Hacker News new | ask | show | jobs
by RobotToaster 97 days ago
If you're looking for a new platform lemmy is probably your best bet, at least if a server goes down everything is still saved on federated servers.
2 comments

I do have a lemmy account, but have not really returned to it in a while. Maybe I haven't found the right communities yet, but it had nothing about it that felt engaging. People upvoted, but nobody talked. No interaction. Digg felt more alive from day one. I replied to a post in a niche community with ~100 members and only afterwards realized it was @justin.
My experience with lemmy has not been nice. A majority of people there are just downright awful, and the mods are often power-hungry and overzealous in their actions. Many times entire servers are defederated from many others due to how a large percentage of their users behave.

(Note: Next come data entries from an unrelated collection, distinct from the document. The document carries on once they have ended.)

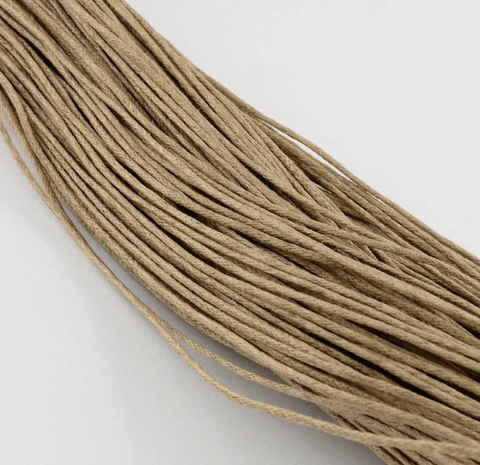 BeadsBalzar Beads & Crafts TAN (WC5565A) (WC5565X) Chinese Waxed Cotton Cord, Gray 0.7mm  (10 METS)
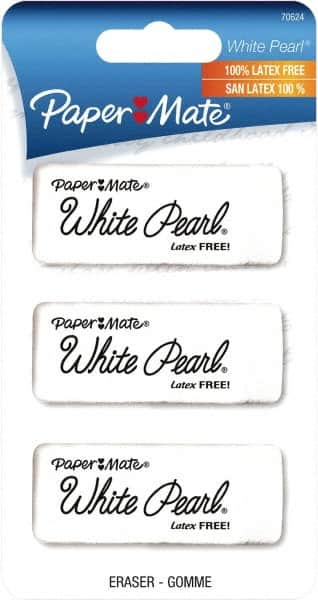 Paper Mate - Rectangle Rubber Eraser - White - Americas Tooling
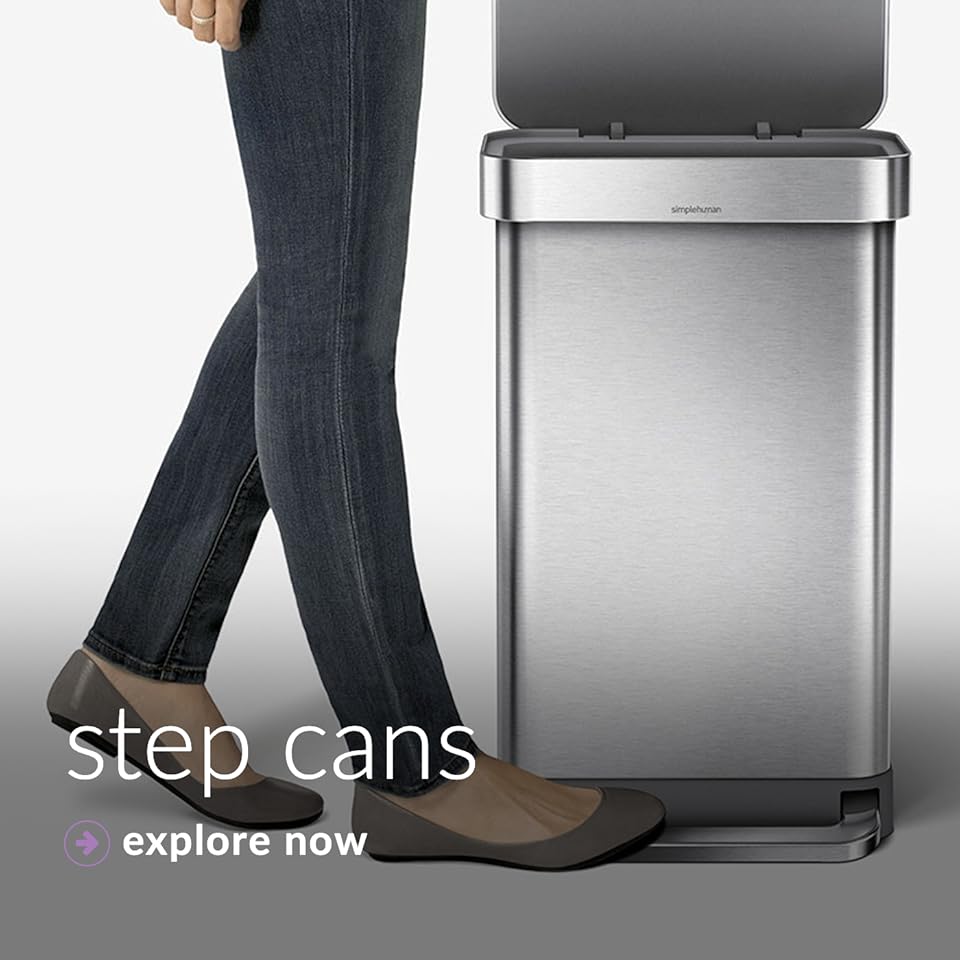 simplehuman Trash Cans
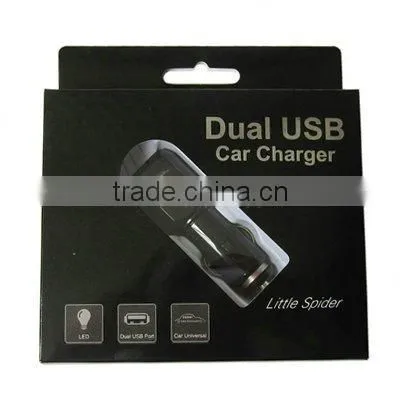 High quality mini USB Dual Car Charger for iPad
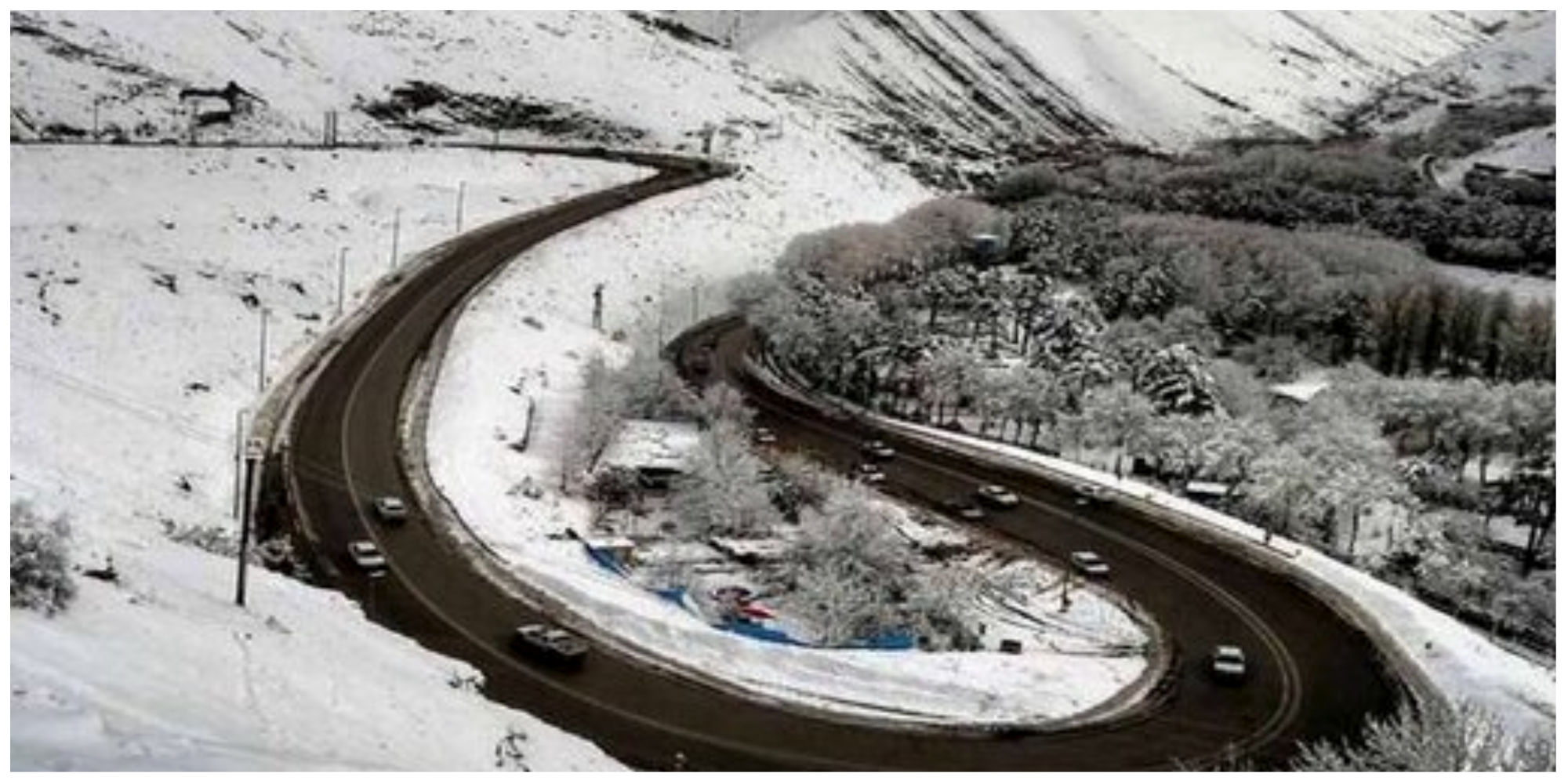 جاده هراز یک‌طرفه شد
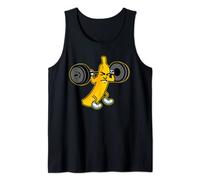 Divertente Banana Palestra Squats Allenamento Canotta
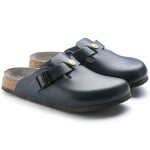 Dámské dřeváky Birkenstock Boston ESD Blue z přírodní kůže úzké úzké (0061388) 42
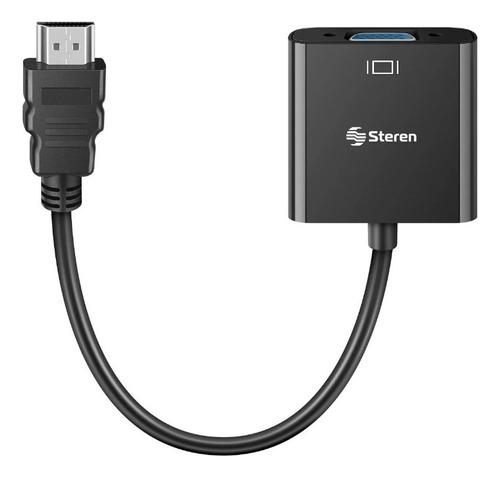 Adaptador Convertidor Steren Hdmi A Vga Macho A Hembra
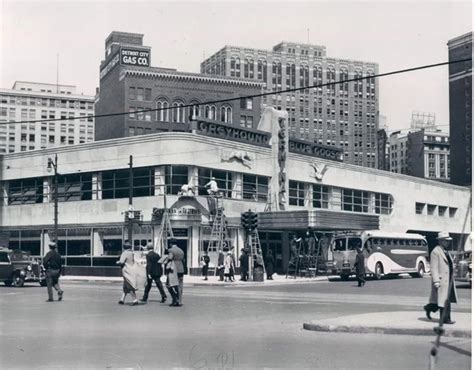 Greyhound Terminal First Old Photos Gallery Historic Detroit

Example: https://0x0.st/8RmU.png

Lemmy has the same energy as ice: a bunch of rejects from other mod communities showing up to render their version of justice upon federated folks
Despite its flaws, X seems to have a better balance between what's allowed and what's not than other non-niche social networks.
Fuck X. Various people can shove that 'better balance' completely up their jaXie.
You should really get help for that Musk derangement syndrome.
Hm. It's unclear if the second comment is in good faith. If it's not, it's OK for it to be deleted. In my opinion there is a huge problem with Reddit mods: they are perceived as draconian, yet they actually remove only 1% of bad comments. It's pretty much impossible to moderate successfully on a per-comment basis in any sizeable community. So, the mods only moderate submissions.
Yeah, the primary instance (lemmy.ml) isn't the best.

I use mander.xyz, it's science focused, but they also have a policy of only de-federating instances that host CSAM.

Isn't the biggest instance Lemmy.world? I thought .ml was the oddball fringe dominated by tankies.
Where is that policy located? I could not find it.

Their /instances page also only shows a single blocked instance, whereas something like programming.dev shows lots of questionable instances blocked.

Honestly, I couldn't find it either, but the owner talks about it in his post about blocking threads https://mander.xyz/post/1062661
> A majority of people there are just downright awful, and the mods are often power-hungry and overzealous in their actions.

If you're telling me it's _worse_ than reddit in this regard, I can only imagine how terrible it is.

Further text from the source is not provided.